Per la tavola girava una torta di riso e spinaci, gustosa in ogni momento. La ricetta: 800 gr di spinaci,150 gr di riso Arborio, 4 uova, brodo vegetale, olio d ‘oliva, uno spicchio d’aglio, pane grattugiato Si fanno a pezzettoni gli spinaci, si mettono nella casseruola con l’olio d’oliva e lo spicchio d’aglio quando soffriggono, aggiungendo qualche cucchiaio di brodo vegetale e, ammorbiditi, si tolgono dal fuoco e si butta via l ‘aglio. Quando gli spinaci si sono raffreddati si uniscono le uova, il riso e si riporta sul fuoco fino a che il riso sarà a metà cottura ; allora si mette in una pirofila e si cerca di livellare il composto, si aggiunge una spolverata di parmigiano e di pane grattugiato e in forno per un’oretta.

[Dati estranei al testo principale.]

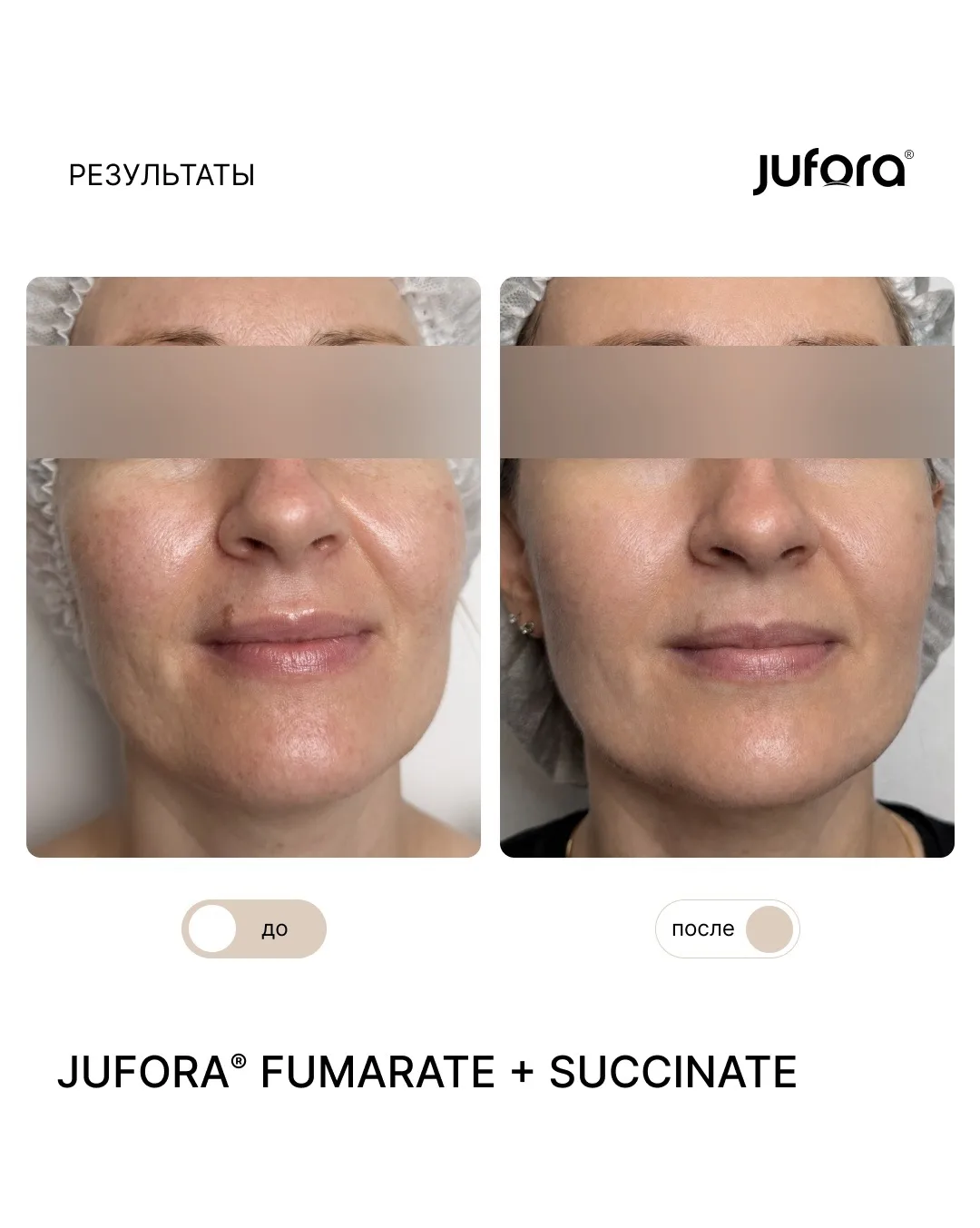 💉 Результат курса препаратом JUFORA FUMARATE + SUCCINATE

Noi mangiavamo dei fritti , mentre mio padre prendeva dal carrello dei bolliti: testina, lingua e un pezzo di gallina senza nessuna salsa , ma solo con un sale un po’ grosso. Alla fine la torta di nocciole, che è molto semplice da preparare anche perché le dosi sono molto ripetitive:200 gr di farina, 200 gr di nocciole, 200gr di burro,2uova, 200g di zucchero, mezza bustina di lievito per dolci, 50 gr di latte. Si mettono le nocciole nel mixer, si fa intiepidire il burro, e si uniscono le uova, lo zucchero e si mescola tutto nella ciotola del mixer : s’inforna pe quaranta minuti ad una temperatura a 170°, se si vuole si può ricoprire con una granella di nocciole oppure, sfornata, con lo zucchero a velo.

Prima di riprendere la strada del ritorno , entrammo in un bellissimo Caffè, dove bevemmo il famoso ‘bicerin’ a noi sconosciuto :è una bevanda calda analcolica a base di caffè , cioccolato e crema di latte. Per la mamma , il papà comprò un cabaret di savoiardi.